C’est dans ces termes alarmistes et stigmatisant que le Secrétaire général de l’Organisation des Nations-unies, Antonio Gutteres, s’est exprimé dans une interview accordée à France-24, portant sur le Coronavirus et sa propagation dans le monde.
Pourtant, le bilan de l’état d’évolution de la pandémie autorise à avoir une autre lecture plus optimiste. Selon une grande agence de presse occidentale, la situation du Covid-19, se présente comme suit à la date du 28 mars 2020 :
-« En Europe, 337 632 cas pour 20 059 décès auraient été comptabilisés.
-En Asie (sans le Moyen-Orient), il a été enregistré 103 478 cas pour 3 715 décès.
-Au Moyen-Orient : 43. 016 contaminations pour 2. 590 décès.
-Aux États-Unis et au Canada : 109. 459 contaminations pour 1.764 décès.
-En Amérique latine et aux Caraïbes : 11. 739 cas pour 232 décès.
-En Océanie : 4.139 cas pour 15 décès.
-En Afrique : 3.897 cas pour 117 décès !
Devant une telle situation, susceptible d’évoluer certes, l’ancien premier ministre portugais et actuel Secrétaire général de l’Onu, n’a pas trouvé mieux que d’indexer le continent africain et de prédire des millions de morts !
Comble d’ironie, il ne sollicite que 10% du PIB des pays développés (le G-20), c’est-à-dire, 3000 milliards de dollars pour faire face à la terrible crise humanitaire qu’il promet à l’Afrique !
Le semblant plaidoyer stigmatisant de M. Antonio Gutteres, n’est pas pour l’Afrique, mais contre l’Afrique.
Le Secrétaire général de l’Onu occulte volontairement, l’état actuel de la propagation de la pandémie, pour se projeter dans une fiction alarmiste, où l’Afrique ravirait la palme de la malédiction aux autres continents.
En effet, le continent africain est certes affaibli et honteusement exploité, mais, il se débrouille, comme tout le monde, sinon mieux que tout le monde, pour faire face au Covid-19, avec les moyens dont il dispose.
Il est vrai que le tableau ci-dessus évoqué, reste pour l’instant, très favorable au continent noir, mais cela ne doit guère conduire à un optimisme béat. Compte tenu de l’état peu enviable des infrastructures sanitaires en Afrique et de la pesanteur handicapante des services de la dette qui anéantissent les efforts consentis par nos États pour sortir la tête de l’eau, l’Afrique doit rester vigilante. Il s’y ajoute que les institutions de Bretton Woods notamment la Banque mondiale et le Fonds monétaire international, nées vers la fin de la 2 ème guerre mondiale (1944), n’ont pas apparemment pour mission d’aider l’Afrique à se développer. Les plans et schémas concoctés (pour) ou (contre) l’Afrique, contiennent plus de contraintes que d’atouts pour un continent sciemment morcelé par ceux qui ceux qui, hier, l’ont gouverné et l’ont pillé.

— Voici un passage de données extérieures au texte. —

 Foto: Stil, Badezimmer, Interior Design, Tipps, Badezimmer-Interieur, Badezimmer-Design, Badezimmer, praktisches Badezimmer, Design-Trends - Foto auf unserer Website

Les fameux plans de redressement structurel des années 80, avaient fini par étouffer dans l’œuf, les velléités d’industrialisation qui profilaient à l’horizon des premières années des indépendances. De nos jours, la plupart des investissements qui ciblent le continent engendrent des services de la dette, qui restent supérieurs aux montants des budgets alloués aux secteurs de la santé et de l’éducation. Cette situation à tous égards, déplorable, aurait dû amener le Secrétaire général de l’Onu, à dégager de meilleures pistes de sortie de crise pour l’Afrique, au lieu de nous servir un cocktail de malédictions qui nous rappelle, hélas, l’ère de l’Afro-pessimisme, que l’on croyait à jamais révolue.
La démarche maladroite d’Antonio Gutteres, pourrait être justifiée par son échec patent quant au règlement des principaux conflits en Afrique et dans le monde. Impuissant devant la guerre fratricide en Libye, en Syrie, au Yémen, au Mali, en Birmanie où les Rohingyas subissent un génocide silencieux et inhumain, en Chine et en Inde, où des minorités musulmanes sont constamment persécutées, M. Gutteres, n’a de solutions que d’oppose un silence coupable et une inertie qui intrigue tous ceux qui sont épris de paix et de justice.
Rattrapé par ces ratés à la fin de son premier mandat, M. Antonio Gutteres opte résolument pour une démarche de séduction envers les pays du Nord, se disant cyniquement, que ceux du Sud, pourraient être embrigadés au dernier moment, par ceux qui disposent d’un droit de veto.
Il appartient, dès lors aux Africains d’apprendre à se passer de la (mamelle) d’une mère qui n’est pas la leur.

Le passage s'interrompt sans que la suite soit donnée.